Thompson used a small chair, beach umbrella, and a towel to protect himself from the collapsing roof so he could get some sleep with his dogs curled up beside him. Before cell phone service was lost he found out some more bad news. His restaurant, Da Blue Hole, had been lost.
"Do you have insurance?" I asked.
"No, but we have life," Thompson said.
"We lost an employee he was an angel," whimpered Knowles.
Da Blue Hole was a gourmet seaside restaurant Thomson invested in for over 10 years with his business partner, Chef Antonio Huyler.
"He's worked so hard to get that restaurant. He finally had his dream, it was finally there," said Knowles.
"Every bit of investment I put into it. It was a hard moment. It was a little help with just [the dogs] around. Just a little whimpering, but it was comfort. They laid their head on the side just a little help to get you through," said Thomson.
Leaving the dogs behind again, Thompson started trekking through Marsh Harbour.
Picking up tools and supplies he could find in the rubble, as well as finding a car, Thompson went back to his apartment. Then more bad news: the radiator burst.
"It was another one of those down moments," said Thompson. But then came what he calls a ray of hope moment. "My restaurant manager, they pulled him out of nowhere and I was like, yes!"
"You don't know where anybody is, I spent four days tracking [David] I just needed to know he was alive," sobbed Knowles. She said she tracked him by asking people who had seen him, or through social media posts, but never in real-time.

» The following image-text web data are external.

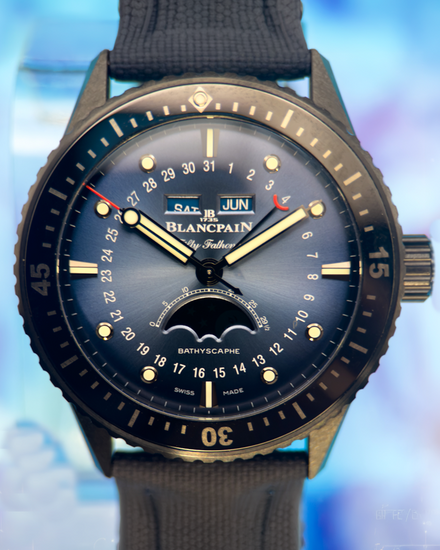 2024 Blancpain Fifty Fathoms Bathyscaphe Quantième Complet Phases de Lune 43.6MM Blue Dial Textile Strap (5054 0140 O52A)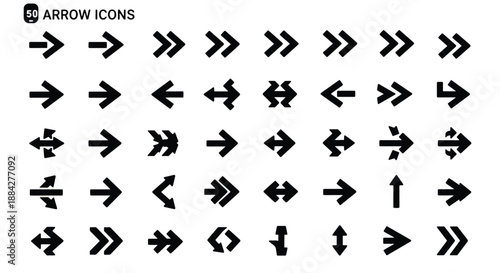 A comprehensive collection of black arrow icons in various styles and directions on a white background, suitable for graphic design resources.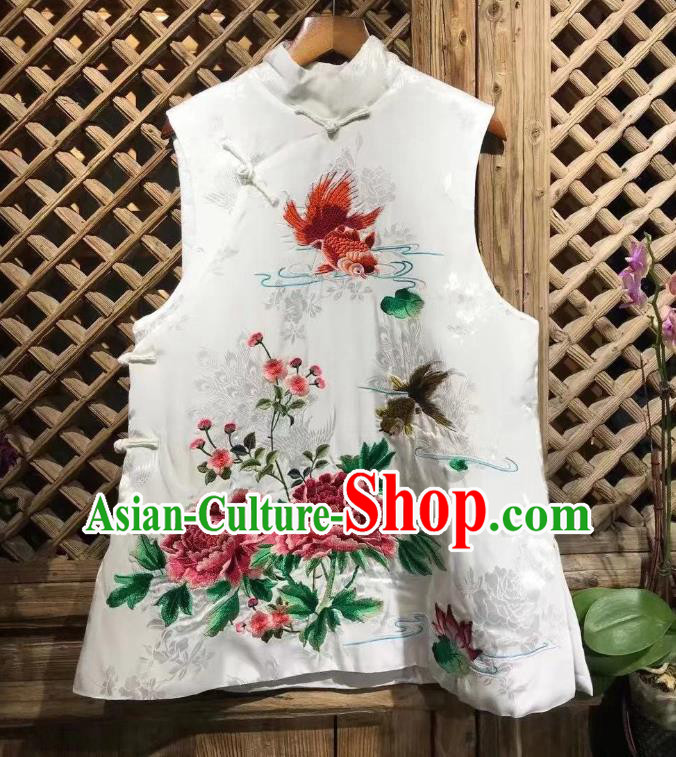 Republic of China Tang Suit White Silk Waistcoat Embroidered Peony Vest Clothing Republic of China Tang Suit White Silk Waistcoat Embroidered Peony Vest Clothing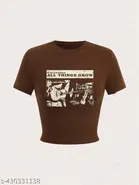 Lycra Top for Women, Brown 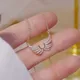 14k Plated Gold Exquisite simplicity Angel Wings Necklace Charm Short Design Clavicle Zircon Women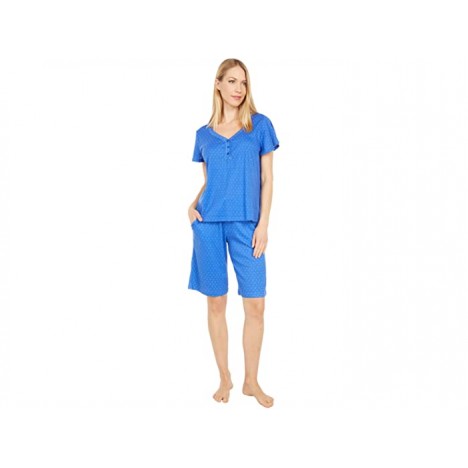 Karen Neuburger Petite China Blue Short Sleeve Bermuda Pajama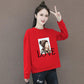 Women's Spring Long Sleeve Large Size Print Casual Pullover Autumn Loose Cotton Round Collar Tops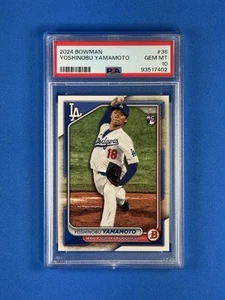 2024 Bowman Baseball Paper PSA 10 Yoshinobu Yamamoto #36 Rookie Card RC - Picture 1 of 2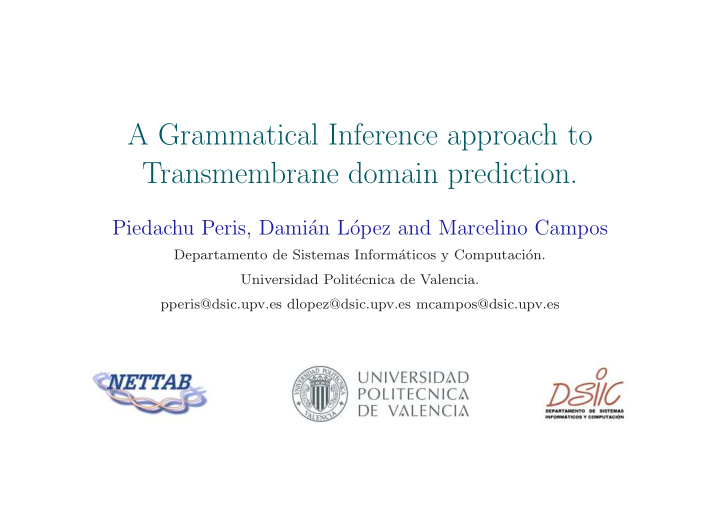 a grammatical inference approach to transmembrane domain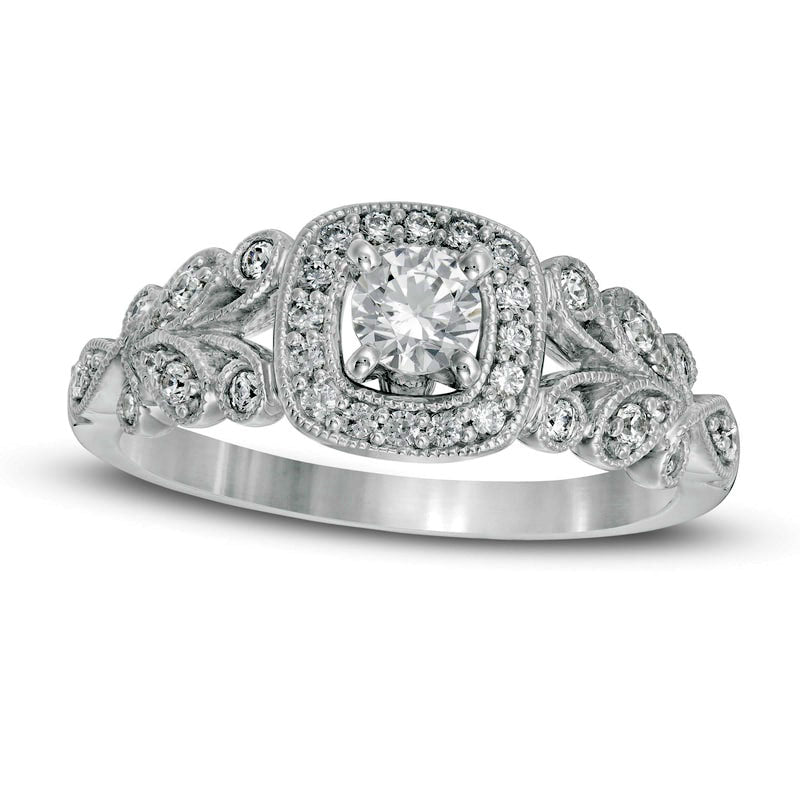 Image of ID 1 050 CT TW Natural Diamond Cushion Frame Ornate Antique Vintage-Style Engagement Ring in Solid 10K White Gold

Thompson said the conditions went from a functioning society to fighting for survival. The stench of death in the air.
"It was like an episode of 'The Walking Dead without the zombies," said Thompson.
Thompson decided it was time to leave.
"At this point, the two dogs are there and I'm not sure if I'm ever going to see them again. One of them her leg was damaged, so she couldn't follow us, but [Houdini] went through and through with us, she tracked foot to foot with us in every situation. She was my protector at the airport, my protector through the nights, and everything else in between, she made friends with everybody we saw, you know, we helped out anyone that we could," said Thompson.
Flights stopped going in and out of Marsh Harbour so Thompson raced up to Treasure Cay by boat and got on the last flight out to Nassau, but without Houdini.
"They wouldn't take her," said Thompson.
But as a gourmet chef and restaurateur, he had been cooking for people on the island after the storm had come through. Those good deeds were about to pay off.
"Somebody that we had been cooking for the night before had offered to take her. She's friendly, they'll try and get on a flight the next day. They weren't able to get her out and they passed [Houdini] on to somebody else we were cooking for the night before," said Thompson.
The pair separated again, and Houdini disappearing again. The kindness of strangers, taking Houdini from Treasure Cay to Marsh Harbour, and eventually evacuating her out by boat. Then Thompson got an important early morning phone call about Houdini reappearing.
"She's in Nassau. I dashed out at 3 a.m. in the morning and I haven't slept since," Thompson said.
Thompson gave Houdini several baths and the dog is now at the veterinarian getting checked out.
"She lives to go on another day! She's found her way out of this. She's my dog, but she's my buddy, and she has held on tight. She won't leave my side right now if I go away for a [second] and she starts whimpering. I think she's scared that I'm going to run away again and leave her in the storm," said Thompson.
"She obviously loves you," I mentioned.
"I got her and she got me," Thompson said.